* _What is expected_
Without the images, reproduce each line of the material exactly.

* _Exercise data_
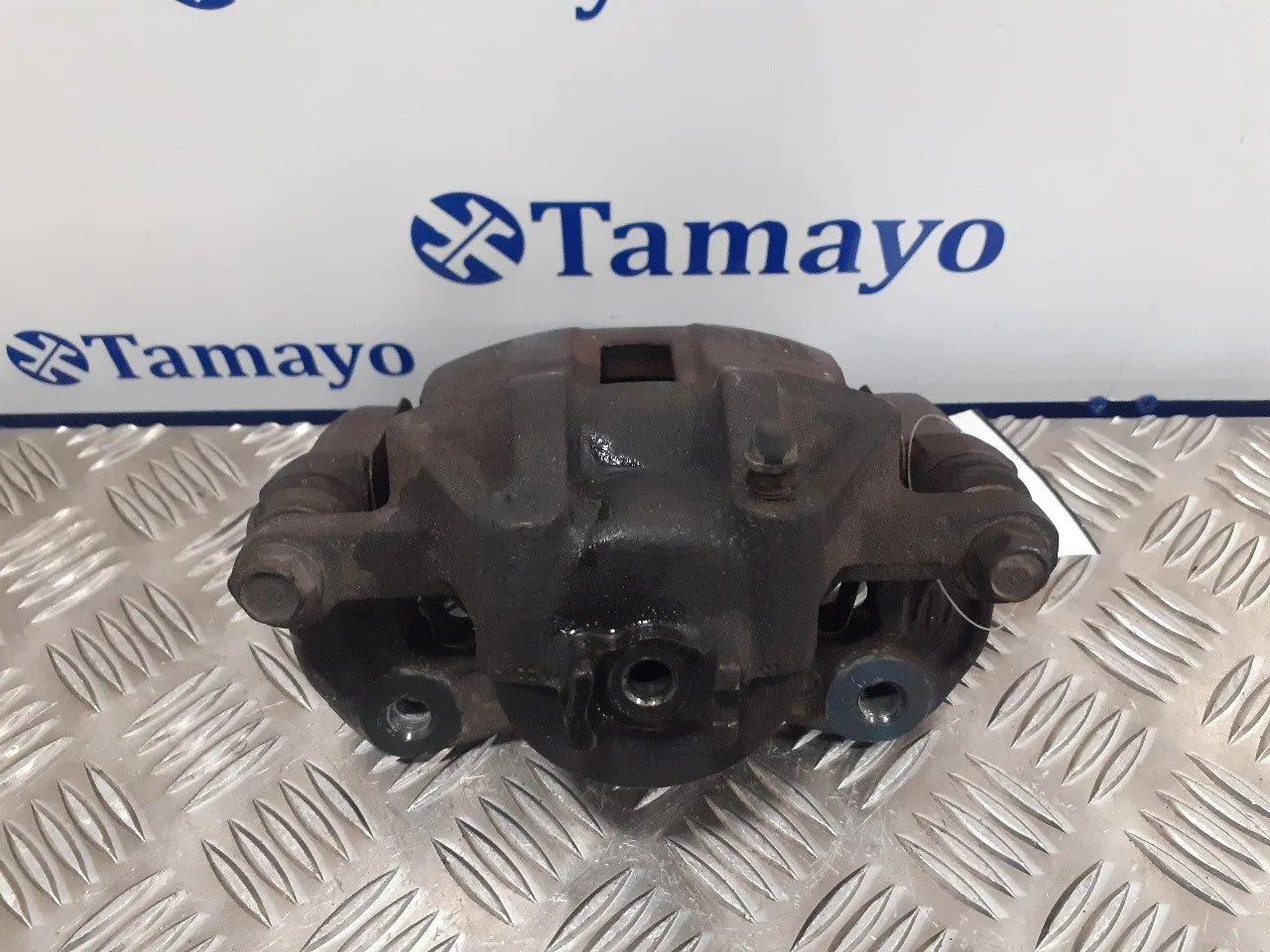 Pinza Freno Delantera Derecha para Kia Rio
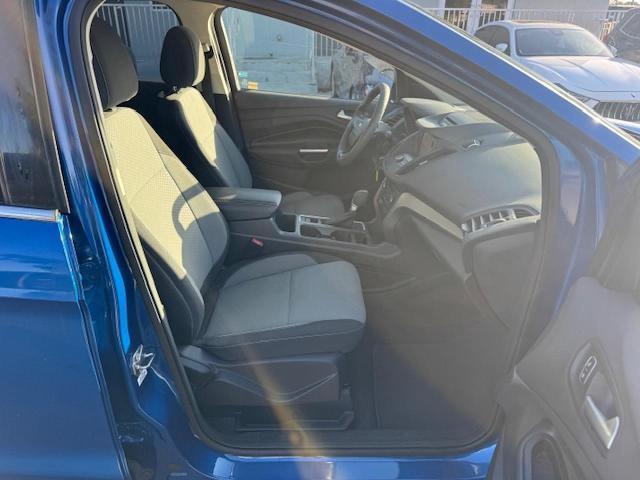 Parquets FORD ESCAPE 2017 Blue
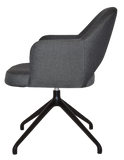 Arm Chair Albury Trestle V2 | In Stock | Nufurn Commercial Furniture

* _Output below_
 Pinza Freno Delantera Derecha para Kia Rio
 Parquets FORD ESCAPE 2017 Blue
 Arm Chair Albury Trestle V2 | In Stock | Nufurn Commercial Furniture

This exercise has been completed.